To do =
From the line containing "広場の周りをトラムやバスが走る大通りが取り囲んでいます。" to the line containing "Seminar Prodi Pendidikan" in the entries below, reproduce every line exactly, ends included. Nothing else belongs in the copy, and no pictures.

Data =
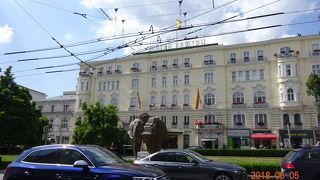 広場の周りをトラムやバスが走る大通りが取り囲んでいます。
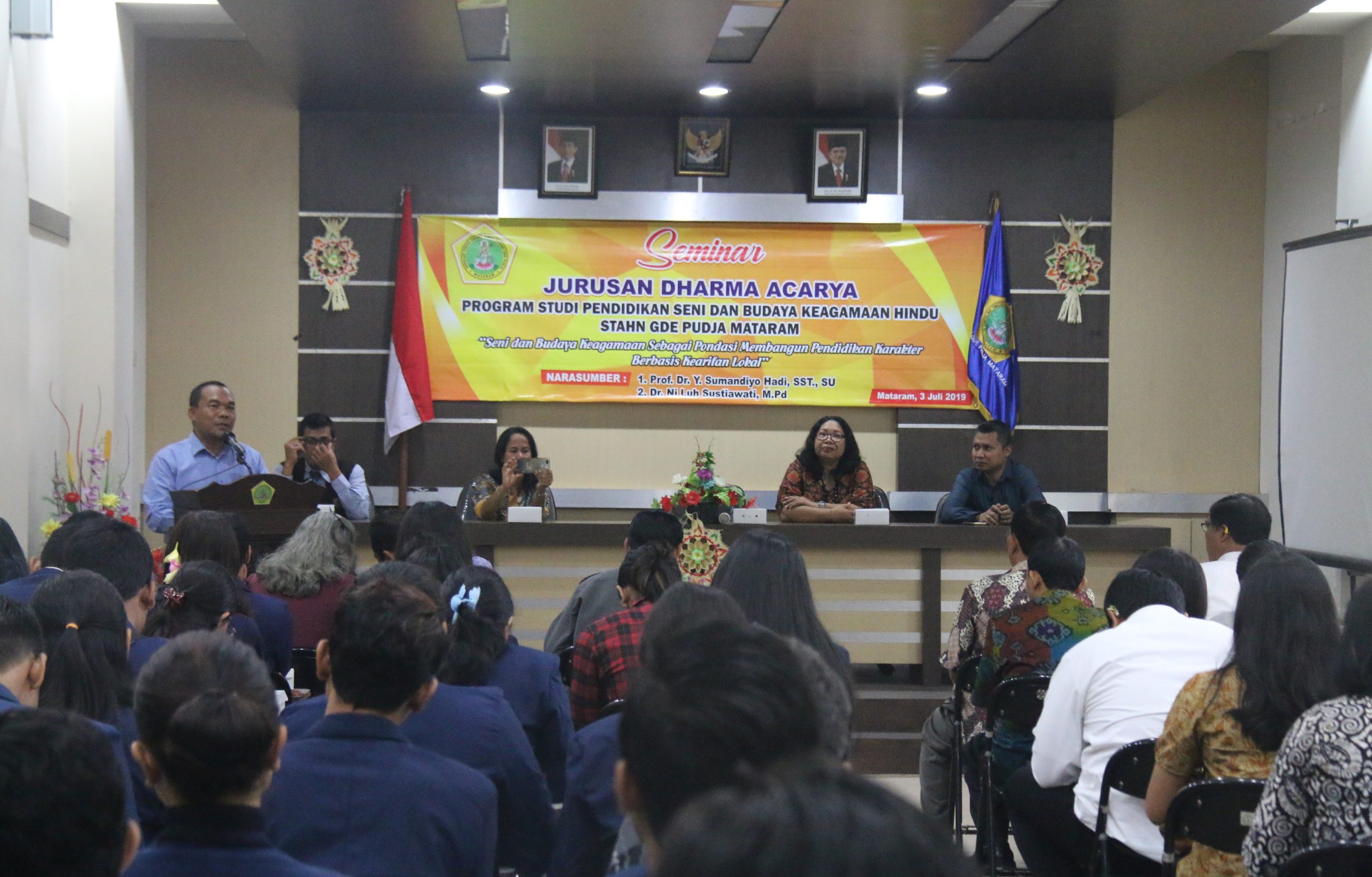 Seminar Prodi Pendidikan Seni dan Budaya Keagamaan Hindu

* * *

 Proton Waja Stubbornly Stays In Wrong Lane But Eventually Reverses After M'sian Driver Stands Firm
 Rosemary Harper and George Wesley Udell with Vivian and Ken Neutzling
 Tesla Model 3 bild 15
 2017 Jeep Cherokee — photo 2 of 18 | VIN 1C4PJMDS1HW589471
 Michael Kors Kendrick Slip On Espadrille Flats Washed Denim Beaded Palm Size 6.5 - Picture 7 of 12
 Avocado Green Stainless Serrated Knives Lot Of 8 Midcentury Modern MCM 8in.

---

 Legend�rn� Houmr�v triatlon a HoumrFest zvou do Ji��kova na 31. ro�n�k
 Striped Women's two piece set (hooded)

Reply to the exercise =
 広場の周りをトラムやバスが走る大通りが取り囲んでいます。
 Seminar Prodi Pendidikan Seni dan Budaya Keagamaan Hindu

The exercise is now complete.